BEGIN

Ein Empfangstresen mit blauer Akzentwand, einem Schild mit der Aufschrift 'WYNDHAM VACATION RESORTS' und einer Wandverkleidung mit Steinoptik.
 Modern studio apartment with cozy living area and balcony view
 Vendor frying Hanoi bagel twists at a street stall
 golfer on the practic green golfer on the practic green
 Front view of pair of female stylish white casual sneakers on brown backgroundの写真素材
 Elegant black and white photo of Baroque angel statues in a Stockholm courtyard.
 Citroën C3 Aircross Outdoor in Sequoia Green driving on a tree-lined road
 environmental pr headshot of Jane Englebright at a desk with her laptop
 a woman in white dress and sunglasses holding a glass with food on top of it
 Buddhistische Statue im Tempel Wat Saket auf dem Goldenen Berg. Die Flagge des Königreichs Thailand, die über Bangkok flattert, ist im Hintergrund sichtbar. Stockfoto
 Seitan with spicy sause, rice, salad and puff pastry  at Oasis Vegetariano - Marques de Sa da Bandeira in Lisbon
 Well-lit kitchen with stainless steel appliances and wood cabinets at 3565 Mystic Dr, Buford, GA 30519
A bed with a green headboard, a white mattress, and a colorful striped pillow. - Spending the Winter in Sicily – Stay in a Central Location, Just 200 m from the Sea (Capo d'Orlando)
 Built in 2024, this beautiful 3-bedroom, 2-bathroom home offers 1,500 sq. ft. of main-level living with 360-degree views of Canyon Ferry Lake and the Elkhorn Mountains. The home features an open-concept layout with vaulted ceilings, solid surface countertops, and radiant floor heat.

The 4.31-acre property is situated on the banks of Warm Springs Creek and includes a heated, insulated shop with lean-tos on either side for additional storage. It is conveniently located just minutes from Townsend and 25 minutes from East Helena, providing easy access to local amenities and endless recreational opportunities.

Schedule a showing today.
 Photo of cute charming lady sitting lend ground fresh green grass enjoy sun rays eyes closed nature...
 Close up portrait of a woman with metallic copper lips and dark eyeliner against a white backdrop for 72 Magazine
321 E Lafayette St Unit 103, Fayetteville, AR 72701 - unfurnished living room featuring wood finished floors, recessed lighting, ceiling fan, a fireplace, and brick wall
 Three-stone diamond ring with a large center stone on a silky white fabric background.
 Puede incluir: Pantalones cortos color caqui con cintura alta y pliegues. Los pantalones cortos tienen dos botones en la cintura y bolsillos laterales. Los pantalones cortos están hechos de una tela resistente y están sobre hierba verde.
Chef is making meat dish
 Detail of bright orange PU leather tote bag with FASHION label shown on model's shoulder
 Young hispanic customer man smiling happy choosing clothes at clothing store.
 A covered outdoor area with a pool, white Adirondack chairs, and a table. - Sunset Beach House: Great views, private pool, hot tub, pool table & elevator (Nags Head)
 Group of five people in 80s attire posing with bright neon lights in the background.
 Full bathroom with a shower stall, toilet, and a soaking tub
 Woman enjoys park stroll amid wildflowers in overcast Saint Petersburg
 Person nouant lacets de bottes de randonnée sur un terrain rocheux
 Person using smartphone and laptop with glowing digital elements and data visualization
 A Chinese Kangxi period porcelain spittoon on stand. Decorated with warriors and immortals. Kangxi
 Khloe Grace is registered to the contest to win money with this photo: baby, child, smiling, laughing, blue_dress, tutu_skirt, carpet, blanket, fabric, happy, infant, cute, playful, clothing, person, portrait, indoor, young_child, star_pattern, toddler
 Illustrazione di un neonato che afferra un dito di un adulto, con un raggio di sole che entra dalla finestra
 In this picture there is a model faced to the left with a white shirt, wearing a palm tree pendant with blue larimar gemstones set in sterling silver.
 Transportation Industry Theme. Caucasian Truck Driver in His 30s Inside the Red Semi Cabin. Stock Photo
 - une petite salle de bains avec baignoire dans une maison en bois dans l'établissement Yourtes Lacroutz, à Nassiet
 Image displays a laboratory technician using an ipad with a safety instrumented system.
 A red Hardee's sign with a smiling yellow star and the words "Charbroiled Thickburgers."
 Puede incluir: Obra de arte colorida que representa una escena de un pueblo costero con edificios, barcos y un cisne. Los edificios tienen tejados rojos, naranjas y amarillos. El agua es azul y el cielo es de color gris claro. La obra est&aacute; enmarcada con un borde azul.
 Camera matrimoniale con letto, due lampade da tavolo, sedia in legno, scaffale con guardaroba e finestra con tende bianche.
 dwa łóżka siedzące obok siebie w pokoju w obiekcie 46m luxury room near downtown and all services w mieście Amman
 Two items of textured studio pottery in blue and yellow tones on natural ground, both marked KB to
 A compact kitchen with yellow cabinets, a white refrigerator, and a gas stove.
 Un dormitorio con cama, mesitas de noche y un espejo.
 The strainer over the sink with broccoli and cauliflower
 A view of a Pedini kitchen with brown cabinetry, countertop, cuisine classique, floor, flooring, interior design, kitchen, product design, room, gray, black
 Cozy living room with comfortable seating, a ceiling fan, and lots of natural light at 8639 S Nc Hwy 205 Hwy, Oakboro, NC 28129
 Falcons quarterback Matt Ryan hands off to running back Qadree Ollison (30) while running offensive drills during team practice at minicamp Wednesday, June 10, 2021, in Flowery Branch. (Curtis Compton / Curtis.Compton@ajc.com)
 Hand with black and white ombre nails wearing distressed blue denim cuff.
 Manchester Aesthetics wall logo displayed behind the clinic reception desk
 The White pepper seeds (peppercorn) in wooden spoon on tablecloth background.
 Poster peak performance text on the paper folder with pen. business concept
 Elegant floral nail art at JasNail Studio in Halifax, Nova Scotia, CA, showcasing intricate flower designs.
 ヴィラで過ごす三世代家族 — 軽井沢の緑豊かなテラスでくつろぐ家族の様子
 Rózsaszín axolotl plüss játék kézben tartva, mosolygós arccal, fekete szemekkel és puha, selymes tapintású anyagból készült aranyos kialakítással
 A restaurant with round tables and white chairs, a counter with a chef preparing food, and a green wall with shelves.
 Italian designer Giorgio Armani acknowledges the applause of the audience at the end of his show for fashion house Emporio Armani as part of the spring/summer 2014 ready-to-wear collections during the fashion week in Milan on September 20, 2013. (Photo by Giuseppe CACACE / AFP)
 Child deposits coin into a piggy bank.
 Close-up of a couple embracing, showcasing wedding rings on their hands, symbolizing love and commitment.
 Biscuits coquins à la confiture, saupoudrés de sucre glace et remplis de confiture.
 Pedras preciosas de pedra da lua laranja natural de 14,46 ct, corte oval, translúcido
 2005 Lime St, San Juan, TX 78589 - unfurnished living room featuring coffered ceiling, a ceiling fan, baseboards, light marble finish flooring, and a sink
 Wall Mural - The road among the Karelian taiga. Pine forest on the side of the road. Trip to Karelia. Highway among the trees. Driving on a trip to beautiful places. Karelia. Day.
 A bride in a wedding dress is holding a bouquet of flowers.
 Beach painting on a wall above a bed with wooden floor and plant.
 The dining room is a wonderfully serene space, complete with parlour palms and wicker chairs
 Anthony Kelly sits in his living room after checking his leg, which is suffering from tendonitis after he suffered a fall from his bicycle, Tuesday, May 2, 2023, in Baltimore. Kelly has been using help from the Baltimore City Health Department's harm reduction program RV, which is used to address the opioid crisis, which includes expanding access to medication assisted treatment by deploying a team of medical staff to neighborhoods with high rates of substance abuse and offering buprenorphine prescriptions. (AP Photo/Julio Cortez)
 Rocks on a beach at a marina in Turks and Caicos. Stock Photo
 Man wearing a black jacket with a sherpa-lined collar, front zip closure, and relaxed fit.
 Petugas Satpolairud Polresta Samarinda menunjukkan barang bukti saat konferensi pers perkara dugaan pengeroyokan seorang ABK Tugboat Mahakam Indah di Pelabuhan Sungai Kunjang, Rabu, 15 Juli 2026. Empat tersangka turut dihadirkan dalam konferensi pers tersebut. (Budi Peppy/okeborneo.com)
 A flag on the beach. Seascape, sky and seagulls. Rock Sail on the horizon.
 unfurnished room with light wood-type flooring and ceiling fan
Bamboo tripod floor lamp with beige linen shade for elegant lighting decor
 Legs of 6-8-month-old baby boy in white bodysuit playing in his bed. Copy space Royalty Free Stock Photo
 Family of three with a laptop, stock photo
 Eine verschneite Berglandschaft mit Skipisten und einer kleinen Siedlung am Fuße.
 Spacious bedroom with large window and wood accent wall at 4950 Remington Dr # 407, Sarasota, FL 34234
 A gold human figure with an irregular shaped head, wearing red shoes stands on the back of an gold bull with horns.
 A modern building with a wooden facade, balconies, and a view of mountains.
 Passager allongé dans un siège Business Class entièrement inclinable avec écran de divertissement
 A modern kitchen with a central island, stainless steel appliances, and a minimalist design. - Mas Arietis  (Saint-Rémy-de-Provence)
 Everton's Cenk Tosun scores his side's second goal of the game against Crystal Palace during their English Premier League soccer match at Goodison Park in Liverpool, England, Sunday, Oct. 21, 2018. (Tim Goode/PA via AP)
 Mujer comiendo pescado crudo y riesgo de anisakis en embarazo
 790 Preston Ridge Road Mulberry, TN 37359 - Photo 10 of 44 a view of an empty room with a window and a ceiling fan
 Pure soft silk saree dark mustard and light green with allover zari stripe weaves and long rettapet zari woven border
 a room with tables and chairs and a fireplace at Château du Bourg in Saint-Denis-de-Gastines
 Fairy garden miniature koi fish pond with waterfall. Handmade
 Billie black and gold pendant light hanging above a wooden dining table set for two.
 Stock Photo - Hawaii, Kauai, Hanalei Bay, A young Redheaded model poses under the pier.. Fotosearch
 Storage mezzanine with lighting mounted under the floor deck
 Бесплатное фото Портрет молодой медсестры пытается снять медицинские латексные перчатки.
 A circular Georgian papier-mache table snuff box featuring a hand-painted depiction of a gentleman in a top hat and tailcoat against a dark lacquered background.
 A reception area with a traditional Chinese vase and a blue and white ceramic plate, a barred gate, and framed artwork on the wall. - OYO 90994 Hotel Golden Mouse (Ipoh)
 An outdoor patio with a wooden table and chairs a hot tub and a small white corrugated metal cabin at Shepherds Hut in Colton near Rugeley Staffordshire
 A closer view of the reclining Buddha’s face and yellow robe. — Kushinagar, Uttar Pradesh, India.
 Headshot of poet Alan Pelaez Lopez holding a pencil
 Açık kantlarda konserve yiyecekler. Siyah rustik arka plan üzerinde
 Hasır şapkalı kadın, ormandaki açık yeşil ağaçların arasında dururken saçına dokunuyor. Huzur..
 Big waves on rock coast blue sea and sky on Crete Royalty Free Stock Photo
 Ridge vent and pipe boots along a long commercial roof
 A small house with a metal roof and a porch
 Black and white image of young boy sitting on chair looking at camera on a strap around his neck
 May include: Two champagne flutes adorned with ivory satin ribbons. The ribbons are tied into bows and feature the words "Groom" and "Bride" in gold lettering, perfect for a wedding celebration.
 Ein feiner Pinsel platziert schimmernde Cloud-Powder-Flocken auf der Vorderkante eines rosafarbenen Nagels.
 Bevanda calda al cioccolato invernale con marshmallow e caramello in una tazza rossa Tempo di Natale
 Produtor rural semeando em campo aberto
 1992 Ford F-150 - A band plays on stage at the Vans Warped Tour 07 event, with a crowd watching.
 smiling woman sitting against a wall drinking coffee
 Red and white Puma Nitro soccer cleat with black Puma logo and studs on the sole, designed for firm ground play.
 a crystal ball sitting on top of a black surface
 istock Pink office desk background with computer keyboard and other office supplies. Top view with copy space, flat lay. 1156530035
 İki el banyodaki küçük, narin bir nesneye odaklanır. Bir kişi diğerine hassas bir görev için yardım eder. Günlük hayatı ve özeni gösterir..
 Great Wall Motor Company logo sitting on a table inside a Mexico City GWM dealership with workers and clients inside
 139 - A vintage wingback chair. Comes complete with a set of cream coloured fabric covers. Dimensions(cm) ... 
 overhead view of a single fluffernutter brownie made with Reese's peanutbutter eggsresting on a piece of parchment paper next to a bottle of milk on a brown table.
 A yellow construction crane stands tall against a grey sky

END

● **ABOUT THIS EXERCISE**
Retype the entries exactly from the first line, stopping after the line with "golfer on the practic green golfer".

● **ANSWER SPACE**
Ein Empfangstresen mit blauer Akzentwand, einem Schild mit der Aufschrift 'WYNDHAM VACATION RESORTS' und einer Wandverkleidung mit Steinoptik.
 Modern studio apartment with cozy living area and balcony view
 Vendor frying Hanoi bagel twists at a street stall
 golfer on the practic green golfer on the practic green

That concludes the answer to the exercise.